▸ **Problem description**: Each line in the listing below needs to be transcribed exactly.

▸ **Data shown**:
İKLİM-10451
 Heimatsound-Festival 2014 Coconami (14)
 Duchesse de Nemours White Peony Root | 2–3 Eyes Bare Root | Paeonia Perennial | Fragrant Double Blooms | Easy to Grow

▸ **Worked solution**:
İKLİM-10451
 Heimatsound-Festival 2014 Coconami (14)
 Duchesse de Nemours White Peony Root | 2–3 Eyes Bare Root | Paeonia Perennial | Fragrant Double Blooms | Easy to Grow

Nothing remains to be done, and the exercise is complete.